The Human Rights Watch says the U.S. programme could lead to more censorship of critical speech on the internet.
The U.S. is setting a dangerous example with its sweeping surveillance programmes, paving the way for mass censorship of online communications by authoritarian governments, Human Rights Watch has said.
“The U.S. now leads in ability for global data capture, but other nations and actors are likely to catch up, and some already insist that more data be kept within their reach,’’ says the rights group in its annual report.
The report includes an assessment of human rights records in over 90 countries and was presented on Tuesday in Berlin.
According to Human Rights Watch, the U.S. programme could lead to more censorship of critical speech on the internet.
“In the end, there will be no safe haven if privacy is seen as a strictly domestic issue, subject to many carve-outs and lax or non-existent oversight,’’ the report says.

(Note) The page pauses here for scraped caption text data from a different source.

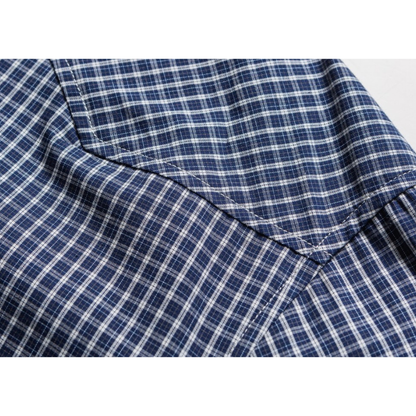 バンドカラー　グラフチェック　シャツ　N1208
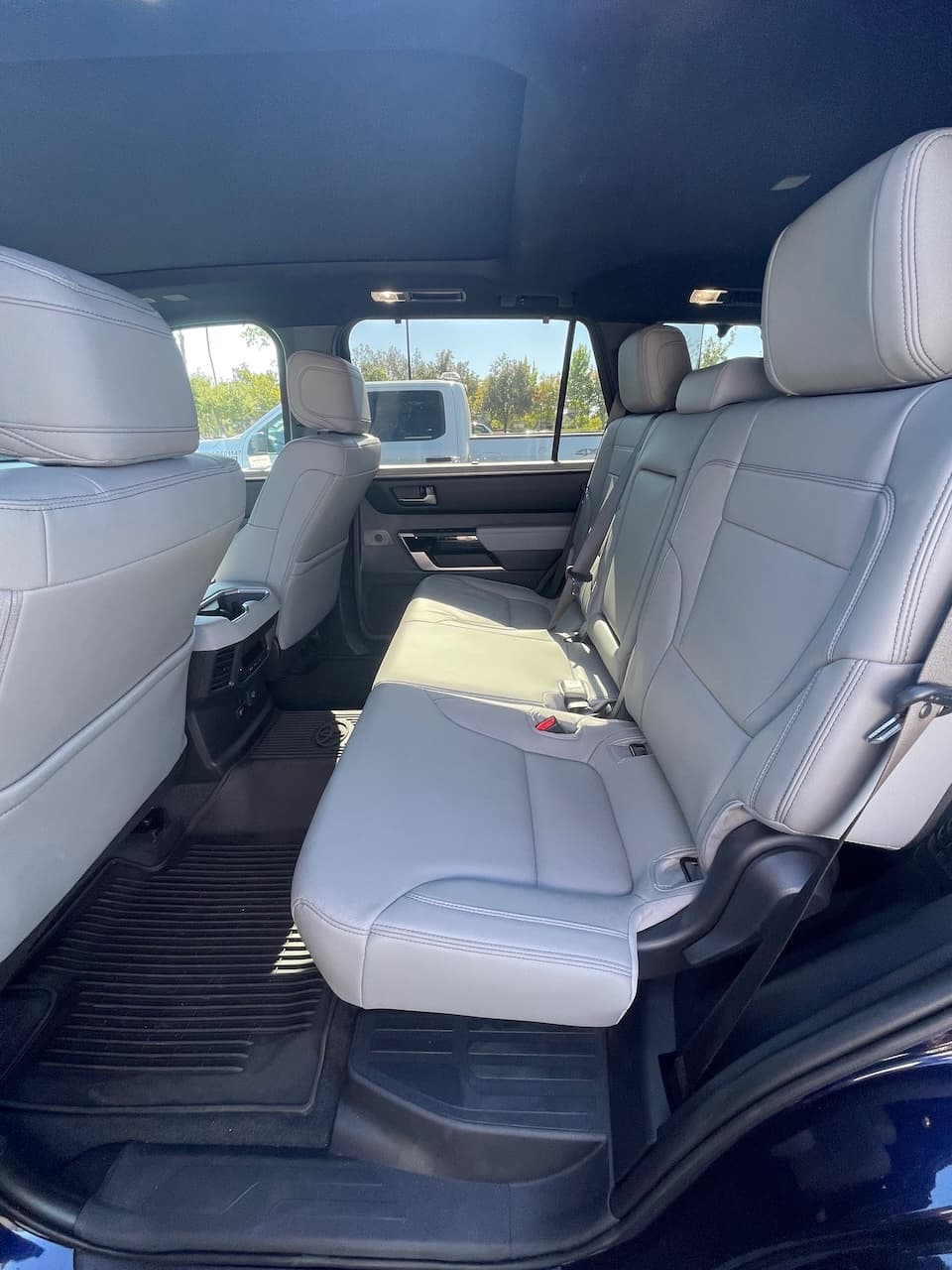 Leather bench seating in the rear of the 2026 Toyota Sequoia
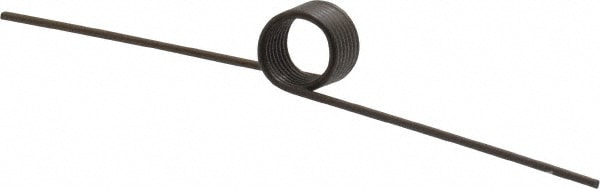 180° Deflection Angle, 1/4" OD, 0.028" Wire Diam, 6 Coils, Torsion Spring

The rights group has criticised recent efforts by U.S. President Barack Obama to reform the monitoring activities of the National Security Agency (NSA), arguing that the agency will be able to continue violating individuals’ right to privacy.
“The proposals do very little to limit collection, leaving the door open to continued indiscriminate surveillance of people abroad,’’ HRW said in response to a speech delivered by Obama last week on NSA reforms.
In its report, the organisation proposes several measures that the U.S. government should take to successfully rein in mass surveillance.
These include requiring judicial warrant protection for metadata, recognising that privacy is breached when data is collected (not just viewed or used), revamping the Foreign Intelligence Surveillance Court (FISA) to better control the NSA, and placing whistleblowers under national security practices.